* [EXERCISE INSTRUCTIONS]
Pictures in the entries below are excluded; copy only the lines from the one containing "Computer-Hacker mit Laptop" to the one containing "Resilient seedling breaking", both included.

* [TASK INPUTS]
▼▼▼

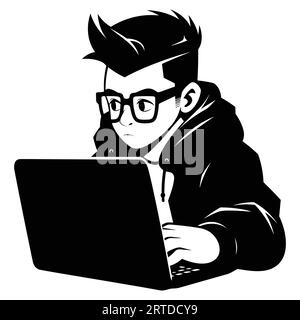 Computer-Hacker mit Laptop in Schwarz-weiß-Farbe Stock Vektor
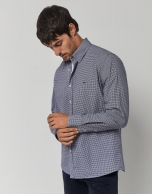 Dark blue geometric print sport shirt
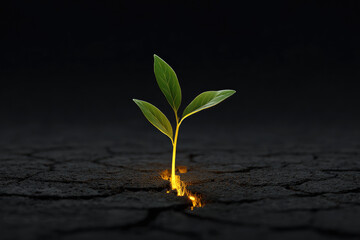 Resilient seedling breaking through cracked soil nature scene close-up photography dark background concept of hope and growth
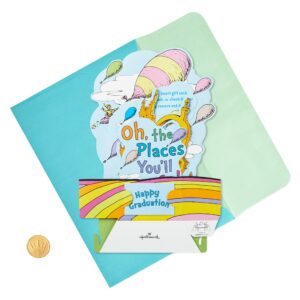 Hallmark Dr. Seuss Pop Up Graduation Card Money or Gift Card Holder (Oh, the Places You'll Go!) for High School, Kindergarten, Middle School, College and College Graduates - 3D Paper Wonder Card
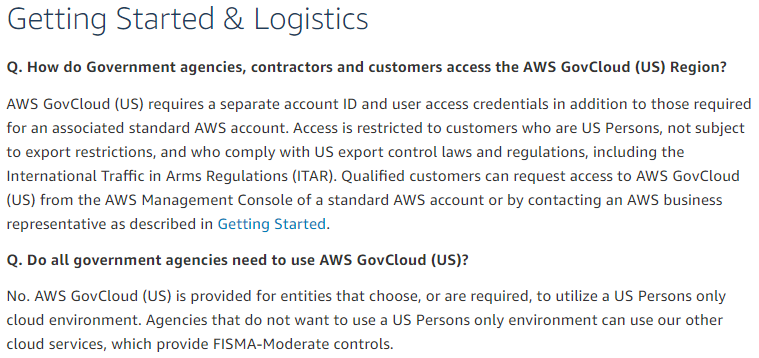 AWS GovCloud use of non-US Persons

▲▲▲
▼▼▼

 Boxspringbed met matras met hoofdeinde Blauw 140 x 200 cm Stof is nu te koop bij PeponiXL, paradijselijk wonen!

▲▲▲
▼▼▼

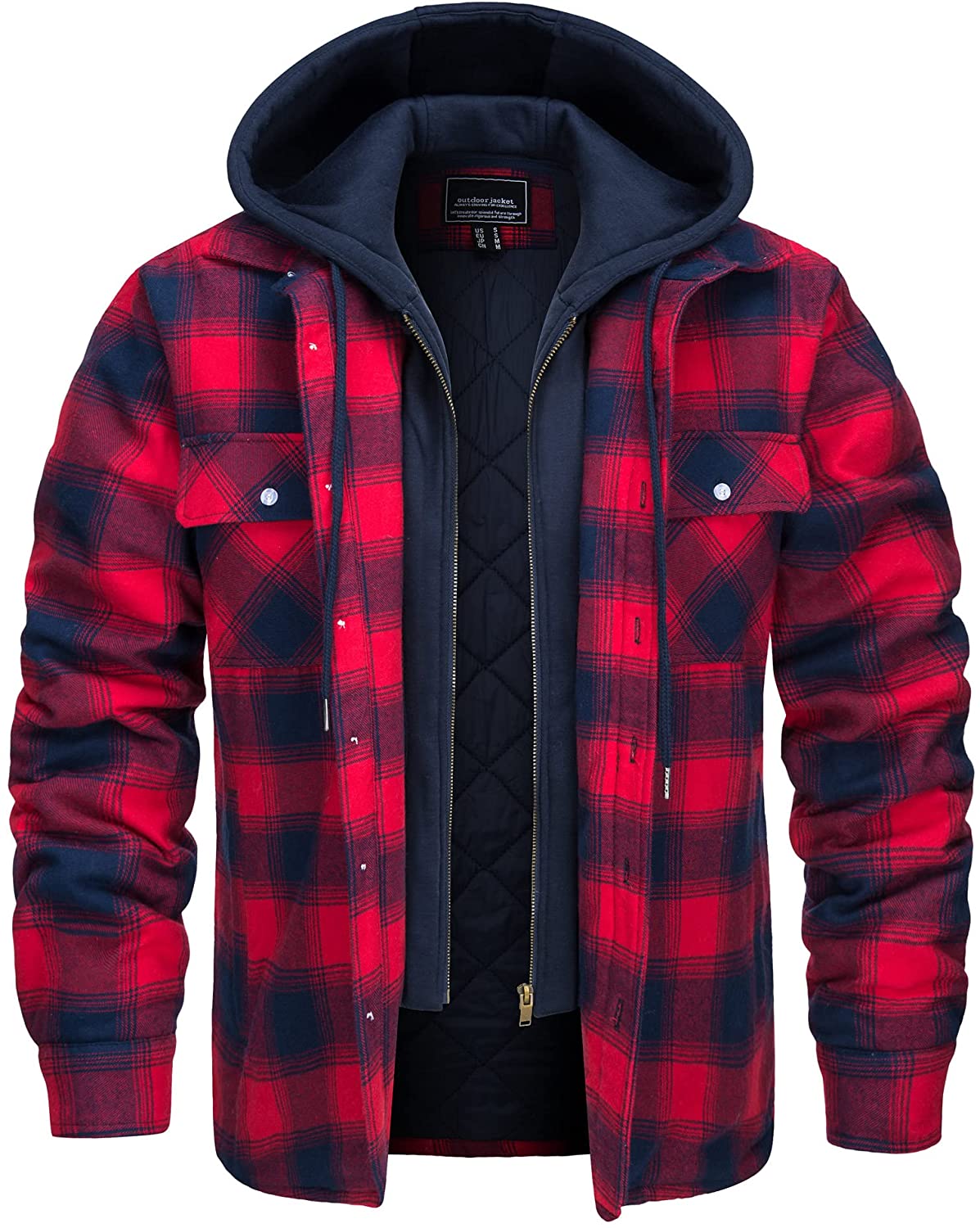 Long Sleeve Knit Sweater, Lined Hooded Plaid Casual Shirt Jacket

▲▲▲

* [ANSWER TO THE EXERCISE]
 Computer-Hacker mit Laptop in Schwarz-weiß-Farbe Stock Vektor
 Dark blue geometric print sport shirt
 Resilient seedling breaking through cracked soil nature scene close-up photography dark background concept of hope and growth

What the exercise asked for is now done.